While the federal minimum wage is still at $7.25, it was just announced that the 25 top hedge fund managers in the U.S. averaged $850 million in income last year--and the average ratio of CEO pay to ordinary worker is now well over 300 to 1.
It makes for fascinating news that Abigail Disney, the wealthy grand-daughter of Walt Disney, announced in a tweet that the $65 million paid to Disney CEO Bob Iger was way too much. She said it was “insane.” He made 1,424 times what the median Disney employee made. At a conference, Disney added: “I like Bob Iger, I think he’s a good man. But I think he’s allowing himself to go down a road that is the road everyone is going down. When he got his bonus last year, I did the math, and I figured out that he could have given personally, out of his pocket, a 15 percent raise to everyone who worked at Disneyland, and still walked away with $10 million. So there’s a point in the system into this class of people who—I’m sorry, this is radical—have too much money. There is such a thing.”

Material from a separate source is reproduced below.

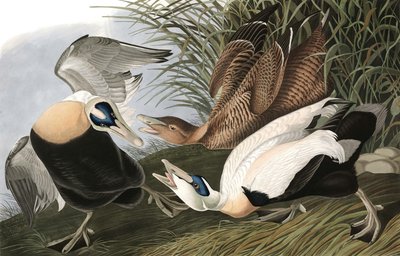 Eider à duvet, Fuligula Mollissima, de "Les Oiseaux d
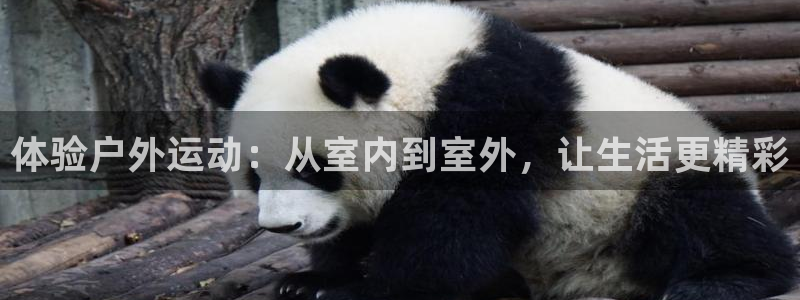 凯捷体育娱乐：体验户外运动：从室内到室外，让生活更精彩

Is American capitalism In crisis? you betcha!
Democratic Representative Ro Khanna of Palo Alto, California was just elected to a Congressional district where many Silicon Valley billionaires reside. When he is home from Washington he spends most of his time with billionaire constituents discussing the growing unpopularity of billionaires and all of their giant tech companies.
Khanna has an unusual personal situation because of his Congressional salary of $174,000 he can’t afford to live in the district he represents! His wife and two children live in Washington because, although an expensive place, it is much cheaper than Silicon Valley, where small ramblers can sell for more than $2 million.

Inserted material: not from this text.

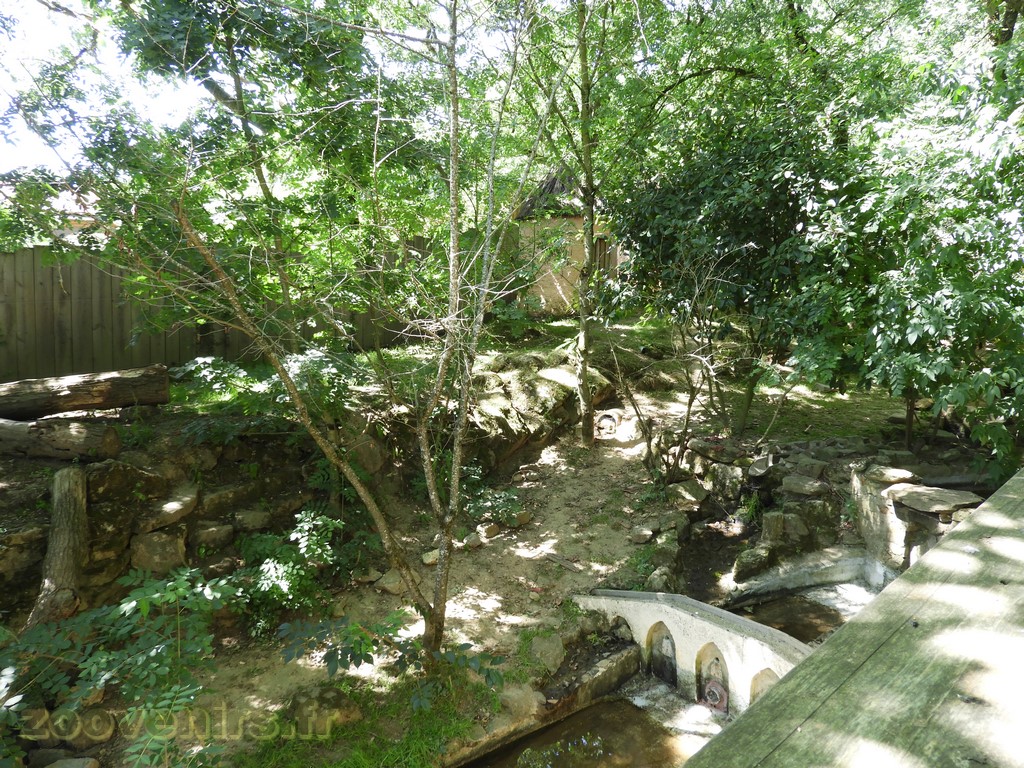 Loutre du Canada - 2017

In San Francisco, Palo Alto and other cities of Silicon Valley, the service members of society, teachers, firemen, and law enforcement personnel, cannot afford to live in cities they serve. Many have two-hour commutes—if they can find a place to live that close.
One of Khanna’s constituents is Chris Larsen, who with $59 billion in assets from three start-ups, is the fifth richest person in the world. Larsen is beginning to realize that the path of American capitalism and what is happening in Silicon Valley is unsustainable for any society.
Khanna’s billionaire constituents, members of America’s business elite who attend the World Economic Forum in Davos, Switzerland, and the professors who teach at the Harvard Business School, are beginning to realize the greatest inequality in the developed world is creating anger in the United States that is tearing the country apart.
Even Harvard Business School students recognize that extreme capitalism must change. Seven years ago a class on “Reimagining Capitalism” drew only 28 students. This academic year almost 300 of our future business leaders are taking the course. Believe it or not, progressive capitalism as promoted by Stiglitz is an important part of the discussion. So is Democratic Socialism. Lebron James will make $82 million this year playing basketball. Next year at least a dozen NFL quarterbacks will make $40 million.
Even Kareem Abdul-Jabbar, who made a fortune with his skyhook, thinks that’s economic insanity.